▸ INPUT FOR THIS TASK
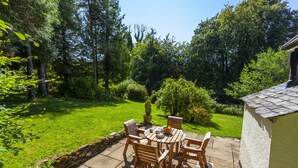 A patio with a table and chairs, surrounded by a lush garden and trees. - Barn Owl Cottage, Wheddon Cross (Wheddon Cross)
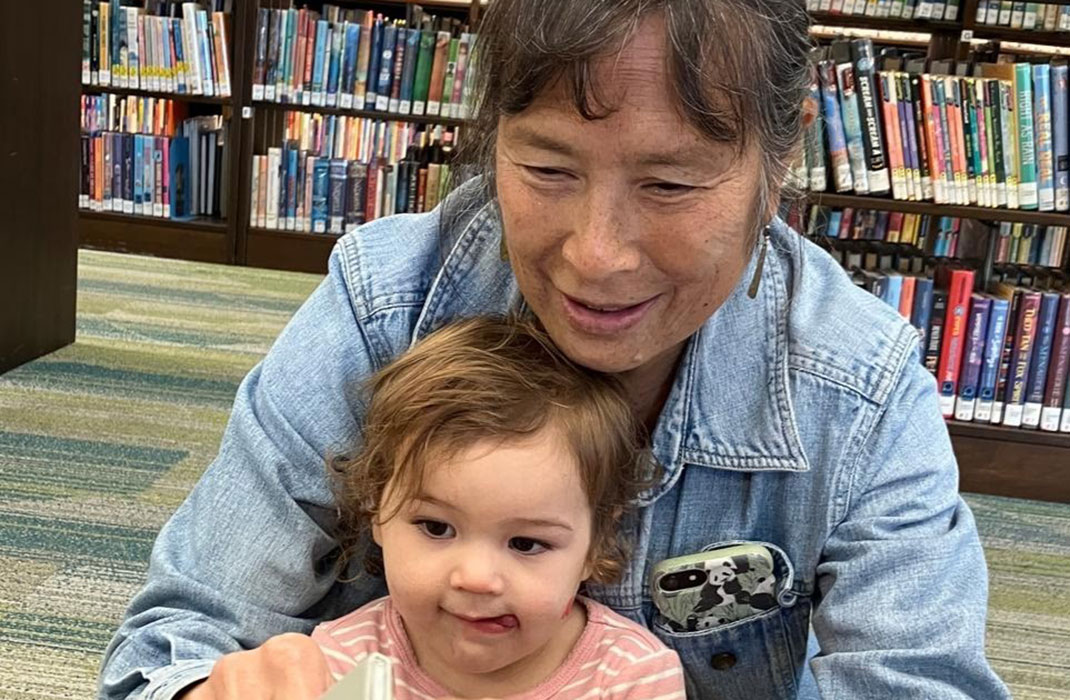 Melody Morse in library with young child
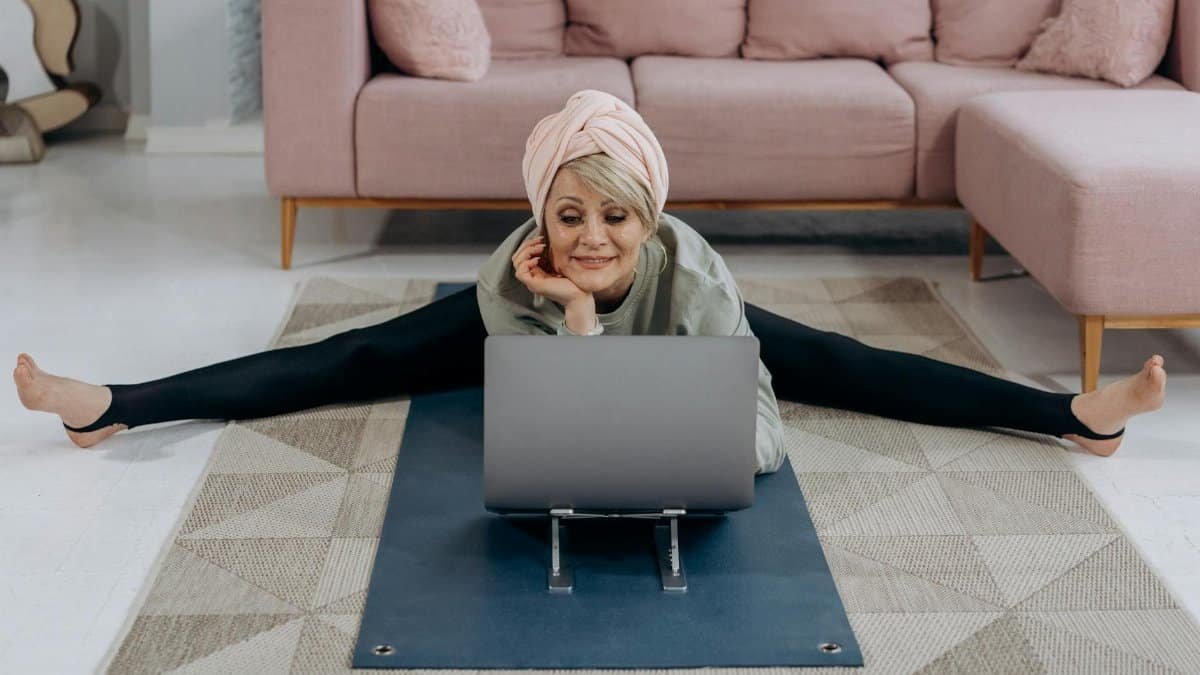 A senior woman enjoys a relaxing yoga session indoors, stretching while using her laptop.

---

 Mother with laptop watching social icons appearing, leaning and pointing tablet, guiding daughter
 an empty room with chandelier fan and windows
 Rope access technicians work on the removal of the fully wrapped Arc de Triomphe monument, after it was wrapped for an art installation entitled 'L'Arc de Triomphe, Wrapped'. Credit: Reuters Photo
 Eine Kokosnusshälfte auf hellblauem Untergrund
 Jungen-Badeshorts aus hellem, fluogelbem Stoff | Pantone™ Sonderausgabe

▸ PROBLEM TO WORK ON
Using the entries above, transcribe every line from the line containing "A patio with" through the line containing "A senior woman". Do not copy pictures.

▸ TASK SOLUTION
 A patio with a table and chairs, surrounded by a lush garden and trees. - Barn Owl Cottage, Wheddon Cross (Wheddon Cross)
 Melody Morse in library with young child
 A senior woman enjoys a relaxing yoga session indoors, stretching while using her laptop.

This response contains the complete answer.